Moreover, says McAdams, locally-sourced ingredients typically cost more than conventionally sourced ingredients. For business owners working on tight margins — that is, most restaurant operators — eating those costs or passing them onto their customers are both uncomfortable decisions. The problem is compounded with issues of availability, which especially in Canada makes accessing good local fare difficult year-round. The end run around that problem is canning, preserving and freezing, which have their own added costs.

For the Metro Toronto Convention Centre, though, that can be a value add.

Local Food, Industrial Scale

Nearly a decade ago, Richard Willett, MTCC’s vice president of food and beverage, started reforming the centre’s culinary program, refocusing its efforts on local food, which elicited a bit of fear, says Willett. When the MTCC is capacity, it can serve around 8,000 to 10,000 in a day. It wasn’t just a question of scaling up; that quantity has a quality all of its own. It was a massive project, and it wasn’t a slick transition, either.

“Through the process, it was about walking, falling down a little bit, stumbling in some cases, and getting back up,” says Willett. But he continued to commit resources to it, even hiring a sustainability officer to help educate Willett and his staff, forge relationships with local farmers and assist with the infrastructure upgrades to preserve, cure and can meat and produce for colder months. It was no small investment of time, labour and resources. But it worked.
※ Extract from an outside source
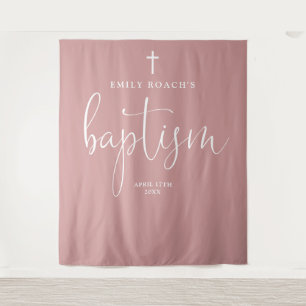 Elegant Dusty Rose Pink Baptism Photo Backdrop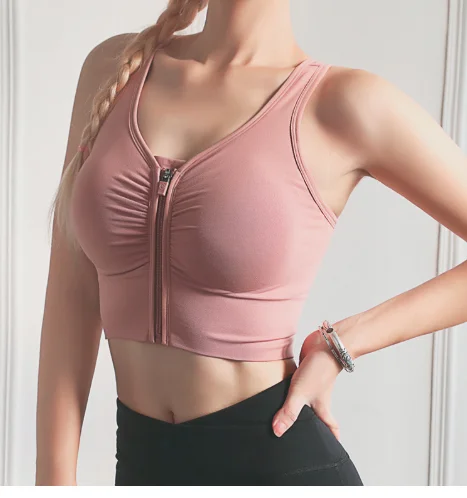 

Front zipper fashion sports beauty back without steel ring Women's fitness running shock absorption gathered yoga vest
“Today the operation is very different than it was eight years ago,” says Willett. By way of example, he explains how MTCC chefs recently slaughtered two pigs purchased last spring. Over the summer, they had grown to 200 pounds apiece, and after being butchered, gave the MTCC fantastic, homemade charcuterie. It tells a story, is local, is an educational component, says Willett. A lot of that is lost in the bulk purchasing process. And despite stumbling out of the gate, the effort has paid off.

“There has been a return on investment for us. Initially, there were a lot of scratching heads. ‘Is this going to work?’ Not everyone was convinced that there were economic benefits for the organization. But a few years later, absolutely it’s been financially rewarding for us,” says Willett. The MTCC’s program is on a scale that’s magnitudes greater than Farmhouse Tavern’s, with a corresponding difference in investment, but it can work. The financial benefits can accrue alongside the social benefits as people actively look to dine on local produce.

Risk and Reward

Local food isn’t an automatic triple bottom line panacea. Developing a restaurant or foodservice operation built on local food and sustainable principles takes money and effort.

“My opinion is guarded, especially from the environment point of view. You need to get as much information as you can from your supplier and be willing to do the legwork if in fact you’re ordering and using of local product is environmentally friendly,” says McAdams. “You have to be willing to work a little harder and be more on top of local food when you’re working with it, as opposed to of just picking up your phone and ordering from one of the large distributors.”

Do that, though, and a restaurateur can genuinely make good on all three bottom lines, with the social and environmental pillars driving the financial one. The mistake, really, is thinking it’s an entirely new concept.

“We always knew our neighbours,” says MacDonnell. “We’d maybe trade half a cow for pasture rental, or straw or hay. There was bartering between neighbouring farmers, and that idea of community support for each other. We’d help you get your profit and you’d help us get ours.”

It takes a little more work, but there’s a little more payoff. In fact, there’s three of them.